The rise of the new party dominated the newspaper, and, even though Beaverbrook soon withdrew, Rothermere continued to campaign. Vice Admiral Ernest Augustus Taylor fought the first by-election for the United Empire Party in October, defeating the official Conservative candidate by 941 votes. Baldwin's position was now in doubt, but in 1931 Duff Cooper won the key by-election at St George's, Westminster, beating the United Empire Party candidate, Sir Ernest Petter, supported by Rothermere, and this broke the political power of the press barons.
In 1927, the celebrated picture of the year Morning by Dod Procter was bought by the Daily Mail for the Tate Gallery.
In 1927, Rothermere, under the influence of his Hungarian mistress, Countess Stephanie von Hohenlohe, took up the cause of Hungary as his own, publishing a leader on 21 June 1927 entitled "Hungary's Place in the Sun". In "Hungary's Place in the Sun", he approvingly noted that Hungary was dominated both politically and economically by its "chivalrous and warlike aristocracy", whom he noted in past centuries had battled the Ottoman Empire, leading him to conclude that all of Europe owned a profound debt to the Hungarian aristocracy which had been "Europe's bastion against which the forces of Mahomet vainly hurled themselves against". Rothermere argued that it was unjust that the "noble" Hungarians should be under the rule of "cruder and more barbaric races", by which he meant the peoples of Romania, Czechoslovakia and Yugoslavia. In his leader, he advocated that Hungary retake all of the lands lost under the Treaty of Trianon, which caused immediate concern in Yugoslavia, Czechoslovakia and Romania, where it was believed that his leader reflected British government policy. Additionally, he took up the cause of the Sudeten Germans, stating that the Sudetenland should go to Germany. The Czechoslovak Foreign Minister Edvard Beneš was so concerned that he visited London to meet King George V, a man who detested Rothermere and used language that was so crude, vulgar and "unkingy" that Beneš had to report to Prague that he could not possibly repeat the king's remarks. Rothermere's "Justice for Hungary" campaign, which he continued until February 1939, was a source of disquiet for the Foreign Office, which complained that British relations with Czechoslovakia, Yugoslavia and Romania were constantly stained as the leaders of those nations continued to harbour the belief that Rothermere was in some way speaking for the British government.

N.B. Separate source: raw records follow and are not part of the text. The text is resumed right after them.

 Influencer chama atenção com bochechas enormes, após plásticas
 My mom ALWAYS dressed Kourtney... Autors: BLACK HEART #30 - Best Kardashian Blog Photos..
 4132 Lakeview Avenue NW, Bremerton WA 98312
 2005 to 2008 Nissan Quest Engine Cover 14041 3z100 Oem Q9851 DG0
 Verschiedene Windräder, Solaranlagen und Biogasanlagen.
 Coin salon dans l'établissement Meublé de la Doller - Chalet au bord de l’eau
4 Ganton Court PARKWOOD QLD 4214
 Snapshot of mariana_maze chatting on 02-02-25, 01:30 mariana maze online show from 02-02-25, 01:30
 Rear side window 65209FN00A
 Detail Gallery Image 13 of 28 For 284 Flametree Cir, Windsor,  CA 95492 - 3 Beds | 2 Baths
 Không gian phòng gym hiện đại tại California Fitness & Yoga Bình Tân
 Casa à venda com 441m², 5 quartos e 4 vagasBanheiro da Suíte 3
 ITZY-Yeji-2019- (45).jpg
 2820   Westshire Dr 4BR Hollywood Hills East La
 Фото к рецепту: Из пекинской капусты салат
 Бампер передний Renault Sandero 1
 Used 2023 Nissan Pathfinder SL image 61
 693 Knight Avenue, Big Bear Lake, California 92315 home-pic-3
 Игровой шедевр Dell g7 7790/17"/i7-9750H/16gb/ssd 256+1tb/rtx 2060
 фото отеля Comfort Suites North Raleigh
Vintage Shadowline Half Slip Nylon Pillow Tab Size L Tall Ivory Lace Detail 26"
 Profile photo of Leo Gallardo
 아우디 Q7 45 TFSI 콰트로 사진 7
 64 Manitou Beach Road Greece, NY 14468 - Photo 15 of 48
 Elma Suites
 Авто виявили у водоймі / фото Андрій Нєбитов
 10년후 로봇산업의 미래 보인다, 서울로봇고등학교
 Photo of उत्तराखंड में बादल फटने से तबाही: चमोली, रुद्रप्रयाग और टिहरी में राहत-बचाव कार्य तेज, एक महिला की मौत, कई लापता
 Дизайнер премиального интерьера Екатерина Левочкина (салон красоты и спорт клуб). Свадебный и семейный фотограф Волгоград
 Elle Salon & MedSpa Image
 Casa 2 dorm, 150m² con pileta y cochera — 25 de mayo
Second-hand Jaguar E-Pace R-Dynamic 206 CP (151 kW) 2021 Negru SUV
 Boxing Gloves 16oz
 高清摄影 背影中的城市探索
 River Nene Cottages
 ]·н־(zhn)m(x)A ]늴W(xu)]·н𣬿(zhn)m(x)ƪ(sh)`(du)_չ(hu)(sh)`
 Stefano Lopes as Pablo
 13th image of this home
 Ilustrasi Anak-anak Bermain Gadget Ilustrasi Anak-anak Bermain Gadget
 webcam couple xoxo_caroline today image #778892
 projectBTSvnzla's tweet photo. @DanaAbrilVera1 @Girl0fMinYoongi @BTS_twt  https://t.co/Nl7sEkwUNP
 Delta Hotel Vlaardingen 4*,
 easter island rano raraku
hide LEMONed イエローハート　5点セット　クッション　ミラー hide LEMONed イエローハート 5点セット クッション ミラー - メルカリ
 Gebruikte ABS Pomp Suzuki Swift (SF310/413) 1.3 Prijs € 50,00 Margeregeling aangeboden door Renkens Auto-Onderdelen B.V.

One of the major themes of The Daily Mail was the opposition to the Indian independence movement and much of Rothermere's opposition to Baldwin was based upon the belief that Baldwin was not sufficiently opposed to Indian independence. In 1930, Rothermere wrote a series of leaders under the title "If We Lose India!", claiming that granting India independence would be the end of Britain as a great power. In addition, Rothermere predicted that Indian independence would end worldwide white supremacy as inevitably, the peoples of the other British colonies in Asia, Africa, and the Americas would also demand independence. The decision of the Labour Prime Minister Ramsay MacDonald to open the Round Table Conferences in 1930 was greeted by The Daily Mail as the beginning of the end of Britain as a great power. As part of its crusade against Indian independence, The Daily Mail published a series of articles portraying the peoples of India as ignorant, barbarous, filthy and fanatical, arguing that the Raj was necessary to save India from the Indians, whom The Daily Mail argued were not capable of handling independence.